With pictures omitted, copy exactly the lines from the one containing "Specchio grande in mango scolpito, 90x180 cm" through the end of the records below.
The input below:
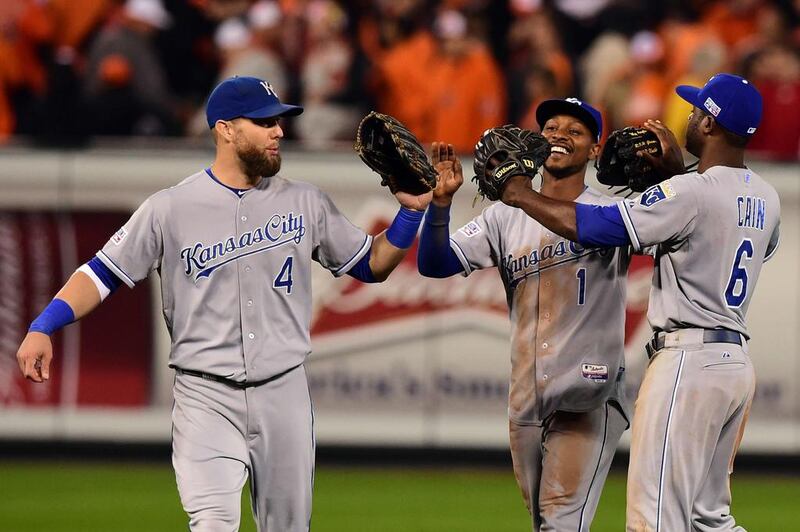 From left, Alex Gordon, Jarrod Dyson and Lorenzo Cain of the Kansas City Royals celebrate defeating the Baltimore Orioles in Game 2 of the American League Championship Series at Camden Yards on October 11, 2014, in Baltimore, Maryland. Patrick Smith / Getty Images


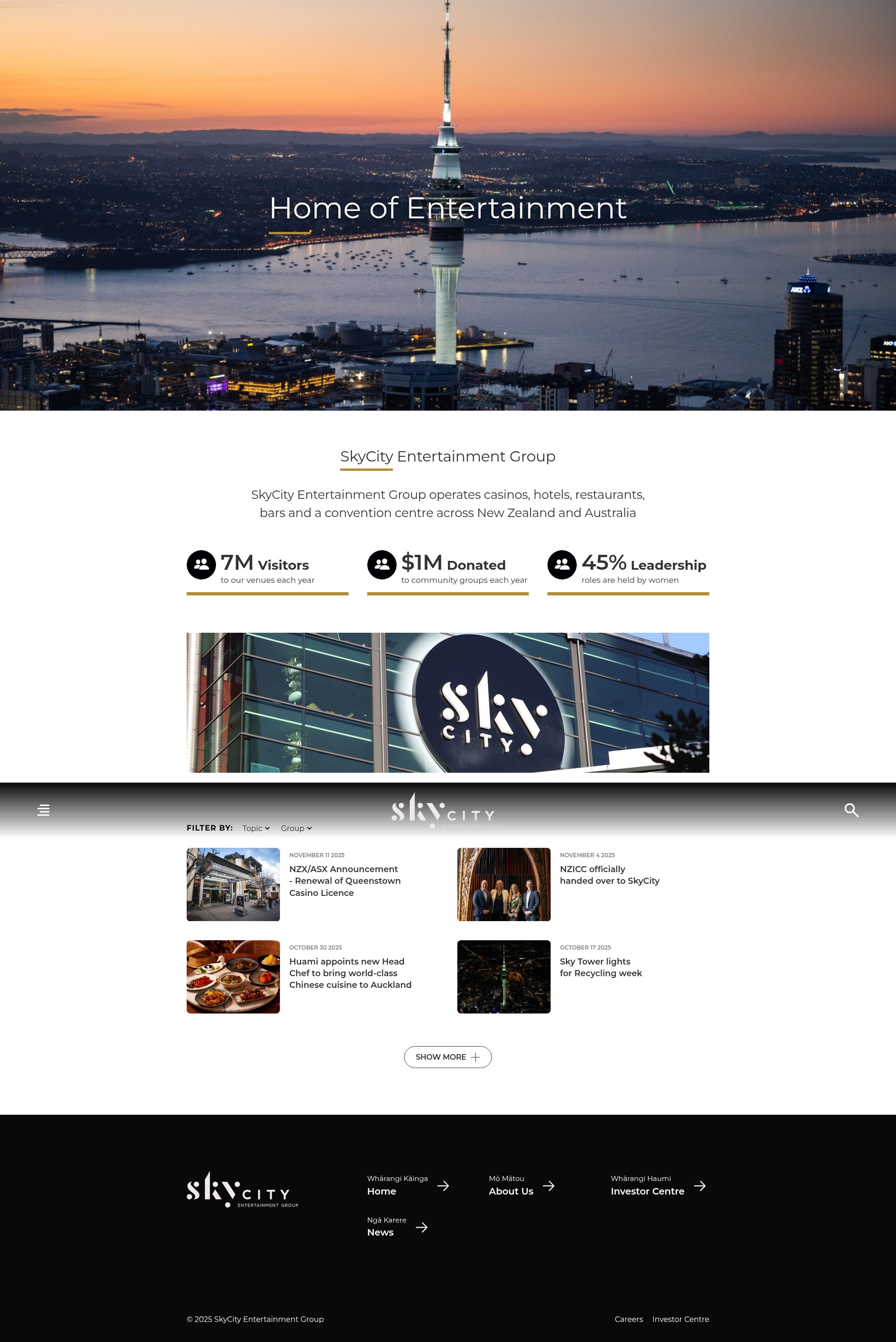 Screenshot of skycityentertainmentgroup.com
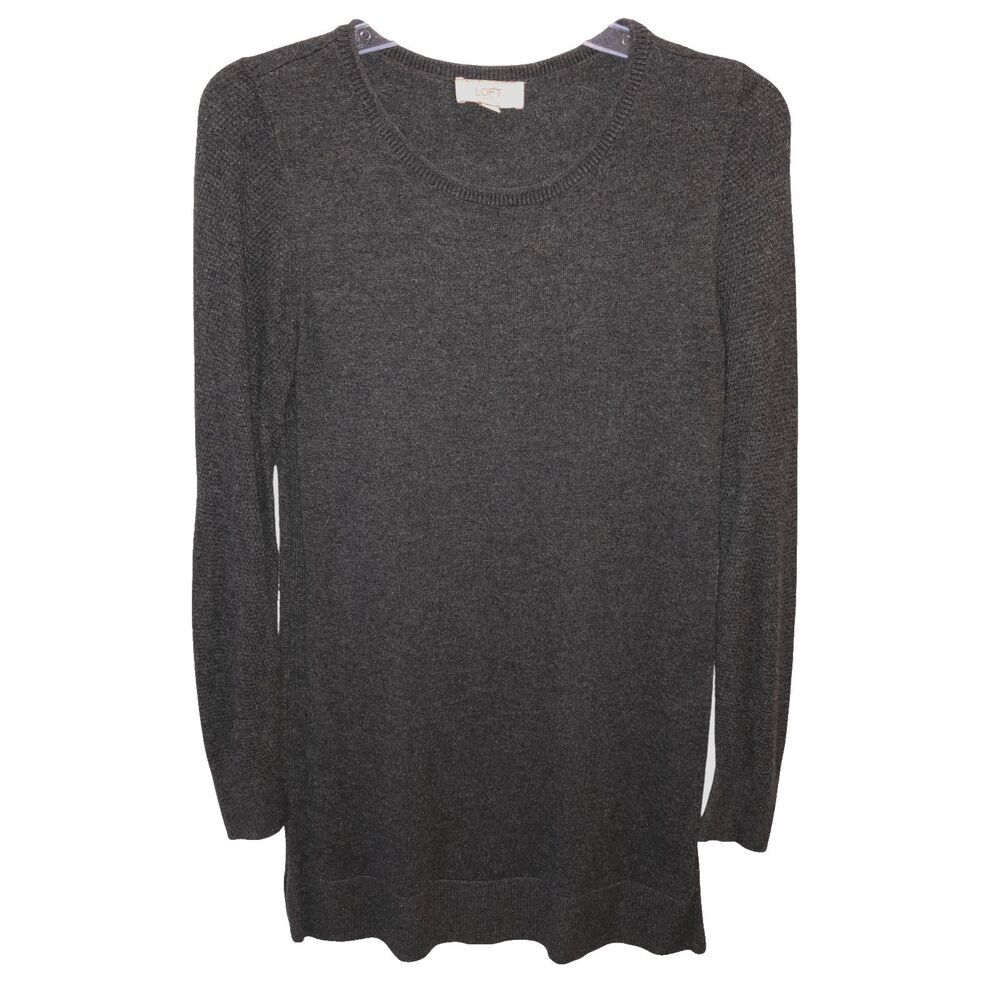 Loft Womens Small Dark Gray Pullover Round Tunic Sweater Dress Size S
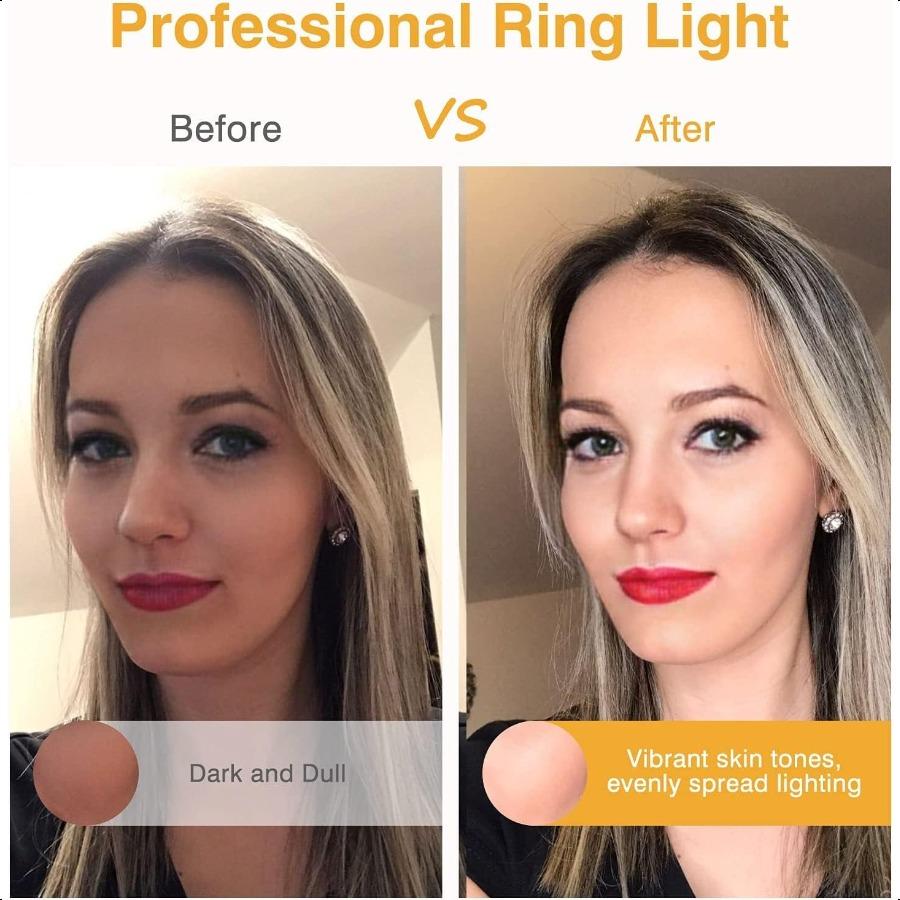 Clip on Ring Light Kimwood Rechargeable 60 LED Selfie Ring Light for Phone Laptop Tablet odels 5 Level Brightn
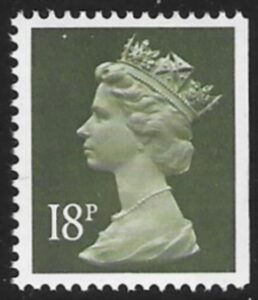 X912  18p  2B  deep olive grey imperf right. Harrison  U/M (MNH)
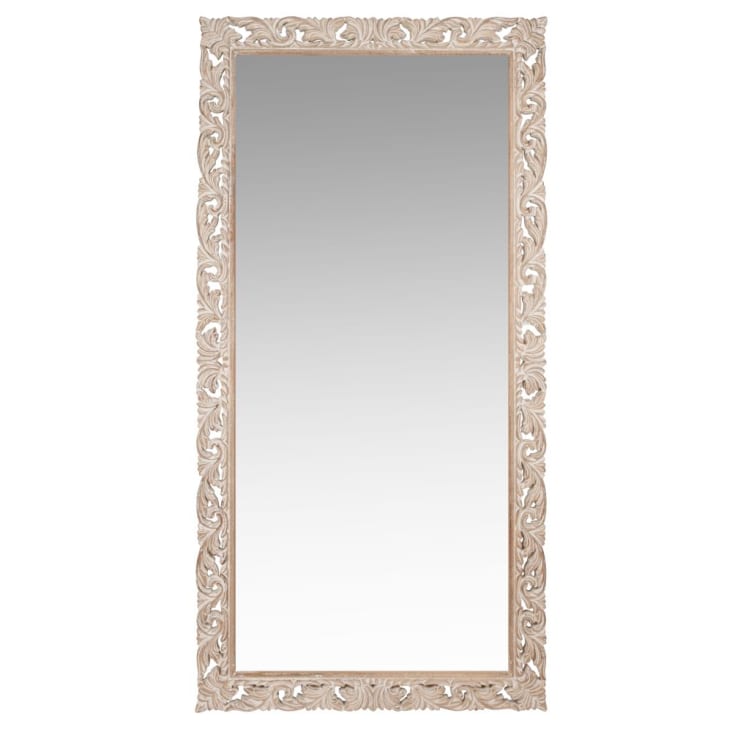 Specchio grande in mango scolpito, 90x180 cm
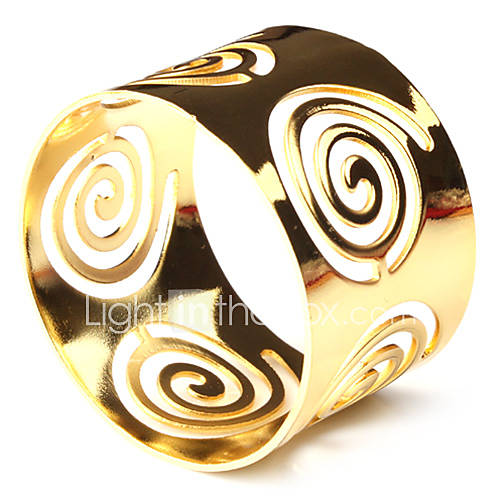 Set of 4 Modern Spiral Design Zinc Alloy Napkin Ring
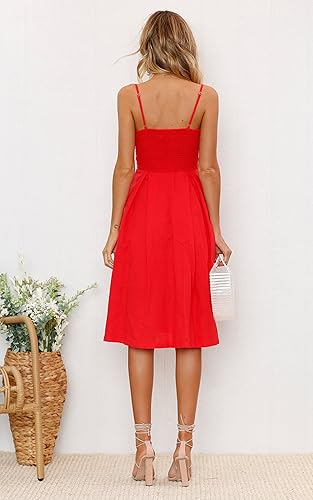 Miniatura 6 de ECOWISH - Vestido de verano con tirantes delgados y cuello en V para mujer, vestido de diseño acampanado, con botones, nudo frontal, espalda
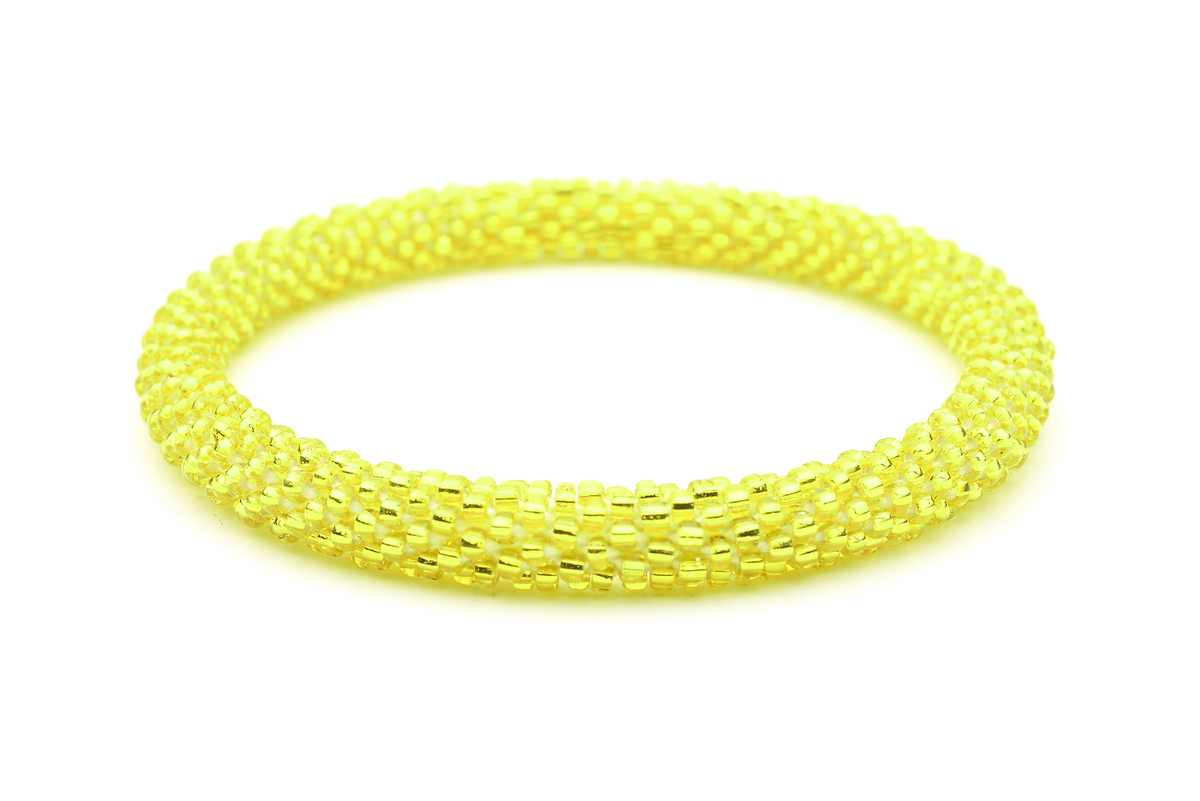 Sashka Co handmade beaded friendship bracelet with metallic yellow glass beads. Crafted in Nepal by skilled artisans.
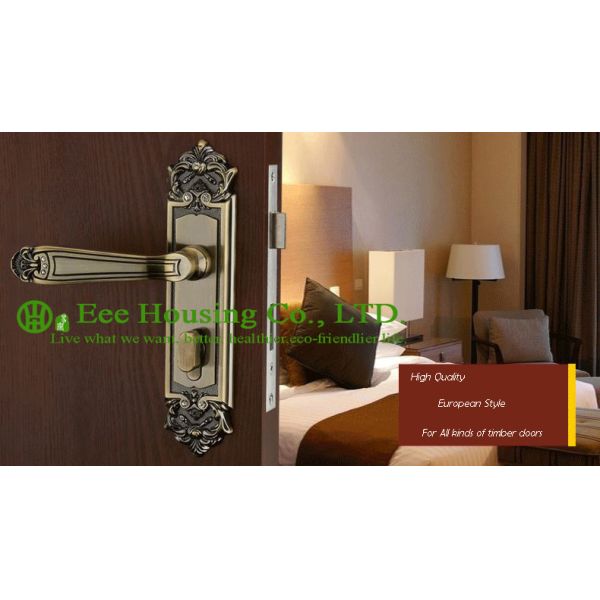 Mortise lock for timber door,Interior Door Locks factory,Antique Brass finish,Bedroom lock
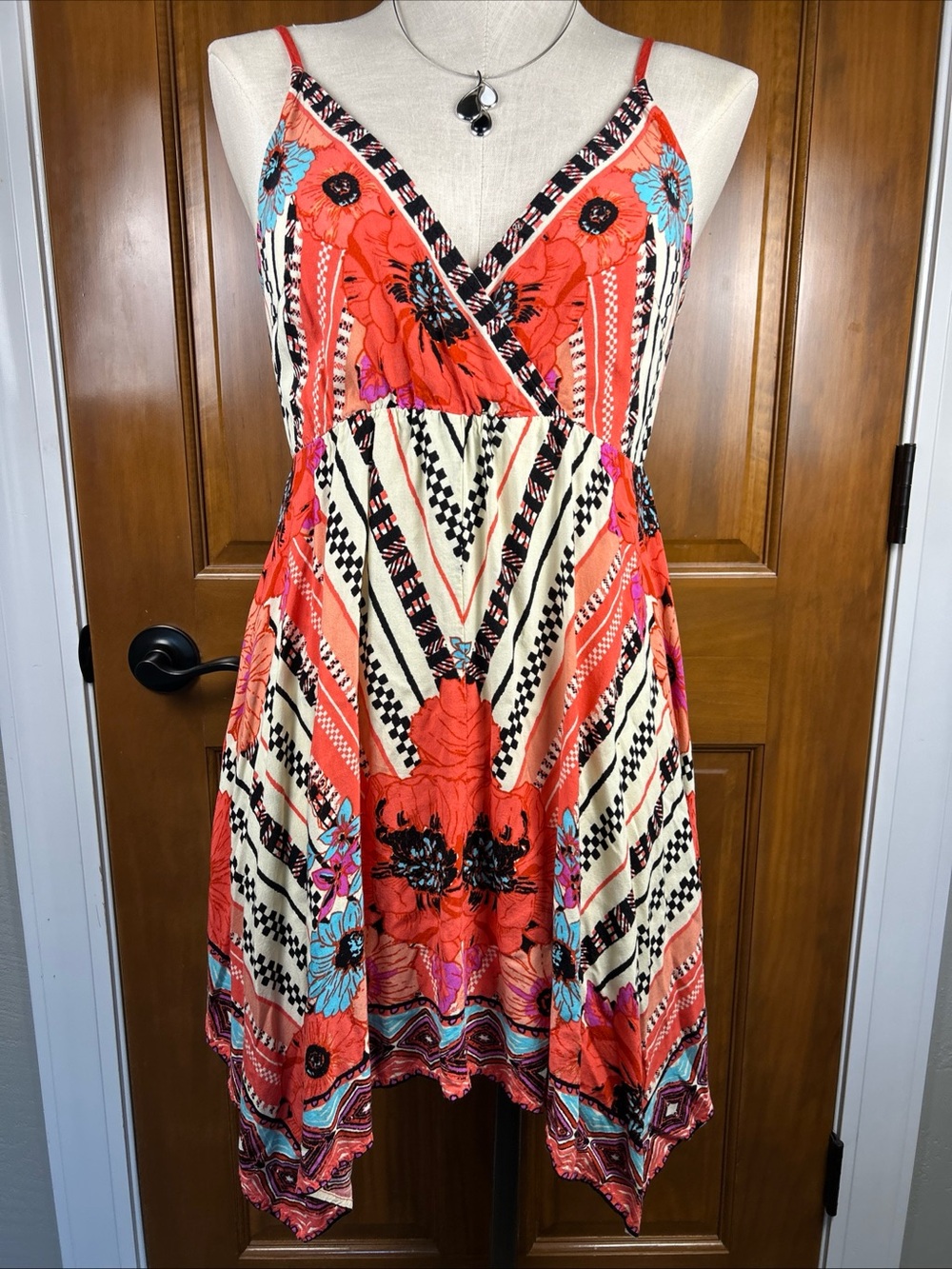 Flying Tomato handkerchief dress S rayon floral sundress boho adjustable straps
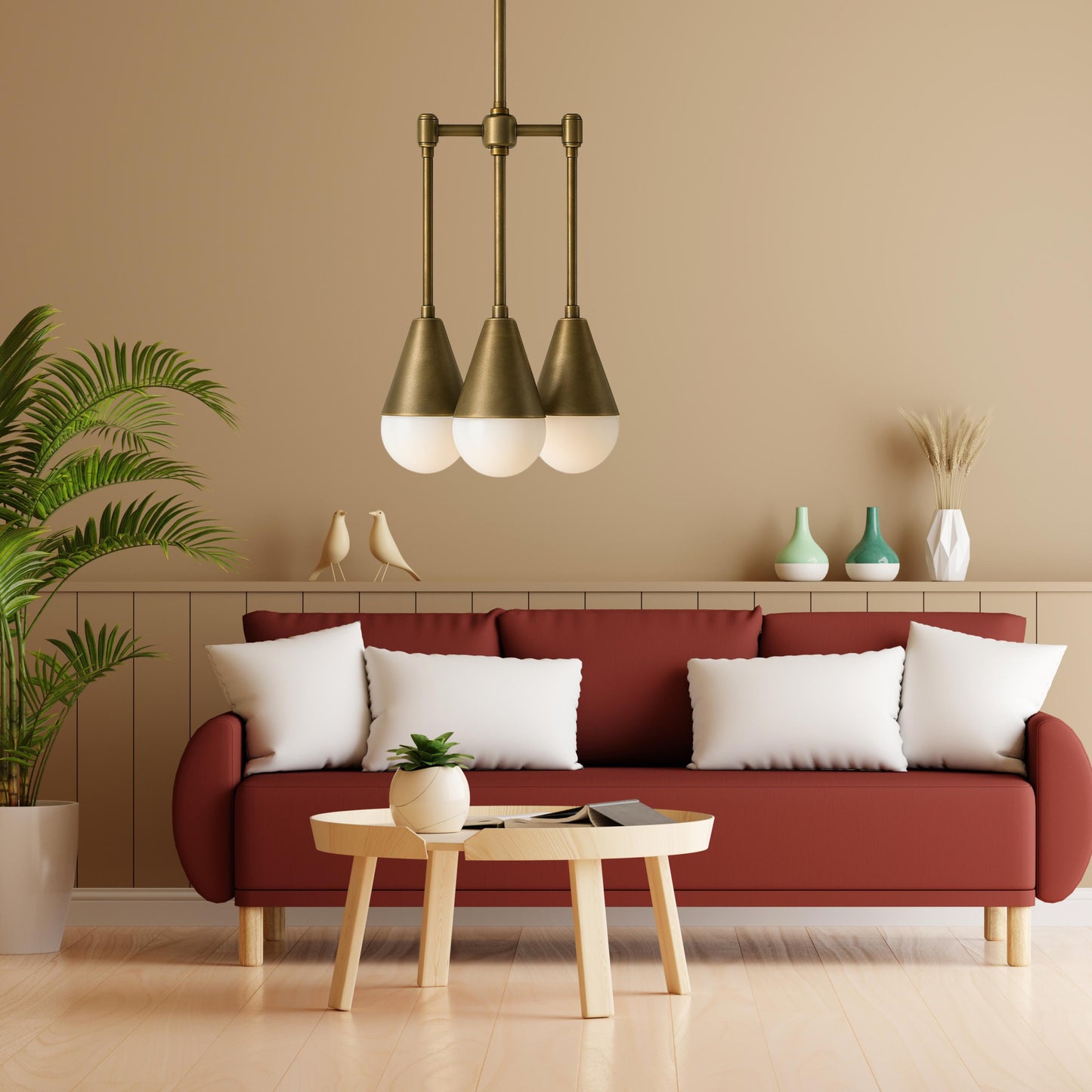 Brass Chandelier Lighting, Handmade Brass Finish Pendant Light, Modern Chandelier, Frosted Glass Ceiling Light Fixture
End of The input.
#### Answer to the problem
 Specchio grande in mango scolpito, 90x180 cm
 Set of 4 Modern Spiral Design Zinc Alloy Napkin Ring
 Miniatura 6 de ECOWISH - Vestido de verano con tirantes delgados y cuello en V para mujer, vestido de diseño acampanado, con botones, nudo frontal, espalda
 Sashka Co handmade beaded friendship bracelet with metallic yellow glass beads. Crafted in Nepal by skilled artisans.
 Mortise lock for timber door,Interior Door Locks factory,Antique Brass finish,Bedroom lock
 Flying Tomato handkerchief dress S rayon floral sundress boho adjustable straps
 Brass Chandelier Lighting, Handmade Brass Finish Pendant Light, Modern Chandelier, Frosted Glass Ceiling Light Fixture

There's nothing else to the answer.